Technology upgrades for the library will cost $12,500; there is a slight reduction in funding for the Council on Aging due to grant offsets; and the town is exploring the possibility of regionalizing veterans’ services, Blais noted.
Overall, she anticipates a .5 to 1 percent increase in educational funding as compared to a 1.7 percent increase in town-side spending. Blais called the Triton Regional School District budget “a thoughtful, modest increase” but noted that the town would likely be negatively impacted by how the state is proposing to distribute education aid in its own spending plan for the upcoming year. The number of students attending Whittier Regional Vocational Technical High School next year will double to a total of 14.

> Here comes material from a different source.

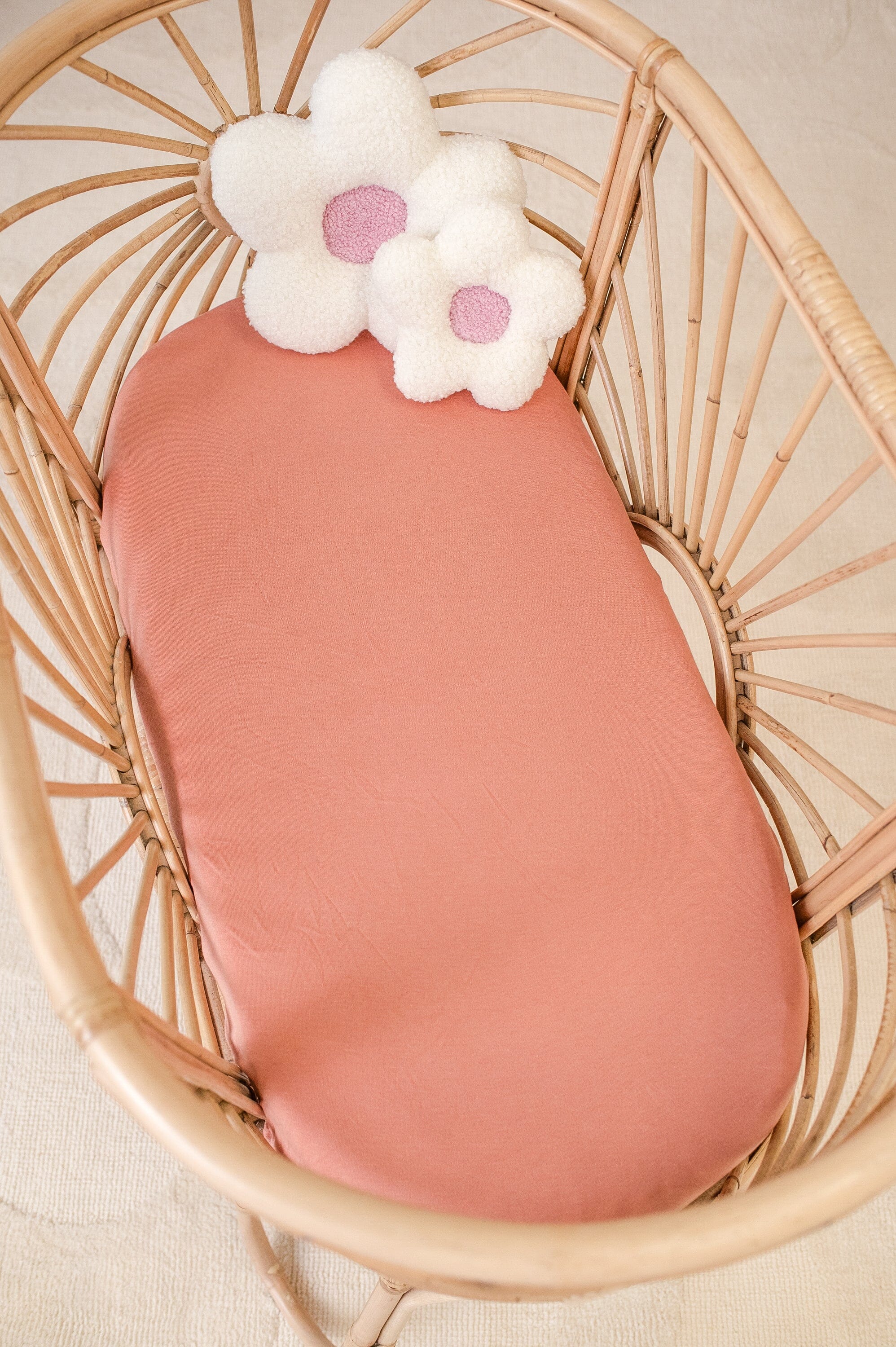 Organic Change Pad/Bassinet Sheet - OUTLET Sheets Kiin ® Blush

Blais anticipates $400,000 in new growth, of which $92,000 comes from new construction.
“That’s a lot for us. There is a lot of new building on the horizon.”
On the other hand, local receipts — from items such as motor vehicle excise tax, building fees, fines and forfeits fees — dropped from $1,905,043 in 2011 to $1,844, 366 in 2012, and are projected to fall even further to $1,469,500 in 2014.
An estimated 51 percent spike in available funds is in large part due to the massive effort in the finance department this past year to collect delinquent property taxes. Any properties with back taxes that remain unpaid have liens filed on them or are in foreclosure process, she said.
Blais took time during her presentation to brainstorm possible ways to generate new revenue beyond tax increases. The town should continue looking for opportunities to regionalize some local services. Exploring solar and wind initiatives and promoting recycling as a way to decrease refuse tonnage were also discussed.
Other ideas included continuing to encourage voluntary payments in lieu of taxes from nonprofit entities that benefit from town services, pursuing utility rebate programs and imposing host community fees.